Launch failure on very simple kernel two similar kernels, only 1 works

The following example is derived from a more complex piece of code that failed.

The following kernel has a launch failure and i would like to understand why and

how to figure these things out.

//FAILS

__global__ void d_eps_tot(int *inp, int *out, int n, int *tot) {

  int sum = 0;

  for (int i=0; i<n; i++) {

    out[i] = sum;

    sum += inp[i];

  }

  *tot = sum;

}

But the following works.

//OK

__global__ void d_eps(int *inp, int *out, int n/* , int *tot */) {

  int sum = 0;

  for (int i=0; i<n; i++) {

    out[i] = sum;

    sum += inp[i];

  }

 /*  *tot = sum; */

}

I invoke it as follows and get d_eps 2 failure.

if both are d_eps it works fine,

if both are d_eps_tot then d_eps 1 fails.
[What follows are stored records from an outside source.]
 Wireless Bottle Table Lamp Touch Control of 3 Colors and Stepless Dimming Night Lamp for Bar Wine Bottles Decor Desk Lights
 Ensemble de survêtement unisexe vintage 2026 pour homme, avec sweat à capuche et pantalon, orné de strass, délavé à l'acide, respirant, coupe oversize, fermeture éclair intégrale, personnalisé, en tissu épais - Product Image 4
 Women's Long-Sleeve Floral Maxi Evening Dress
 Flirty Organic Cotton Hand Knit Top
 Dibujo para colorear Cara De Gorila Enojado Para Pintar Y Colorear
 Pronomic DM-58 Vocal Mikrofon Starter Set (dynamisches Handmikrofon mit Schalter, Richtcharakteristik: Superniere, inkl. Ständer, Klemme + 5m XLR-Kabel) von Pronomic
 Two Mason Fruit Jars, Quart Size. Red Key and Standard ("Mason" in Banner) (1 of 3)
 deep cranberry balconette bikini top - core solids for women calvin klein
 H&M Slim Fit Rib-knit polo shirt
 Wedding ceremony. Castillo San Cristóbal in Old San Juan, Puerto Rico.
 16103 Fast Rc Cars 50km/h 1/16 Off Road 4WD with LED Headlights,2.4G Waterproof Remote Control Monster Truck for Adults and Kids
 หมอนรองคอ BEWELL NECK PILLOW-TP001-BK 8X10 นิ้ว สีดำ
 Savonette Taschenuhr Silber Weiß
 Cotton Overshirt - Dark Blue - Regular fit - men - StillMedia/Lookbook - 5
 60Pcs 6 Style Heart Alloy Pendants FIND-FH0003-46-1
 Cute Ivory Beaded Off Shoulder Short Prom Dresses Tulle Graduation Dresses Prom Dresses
   for(int l = 0; l<nl-1; l++) {

      HMSGI("loop3", l);

      d_eps<<<1,1>>>(h_tbl->d_lNxtInterCnt[l],

       h_tbl->d_lNxtInterOffset[l],

       lShapeCnt[l]/* , */

       /*          h_tbl->d_lNxtInterTot+l */

       );

      CUT_CHECK_ERROR("d_eps 1");

      d_eps_tot<<<1,1>>>(h_tbl->d_lPrvInterCnt[l+1],

    h_tbl->d_lPrvInterOffset[l+1],

    lShapeCnt[l+1],

    h_tbl->d_lPrvInterTot+l+1

    );

      CUT_CHECK_ERROR("d_eps 2");

    }

Any help is appreciated.

–kushu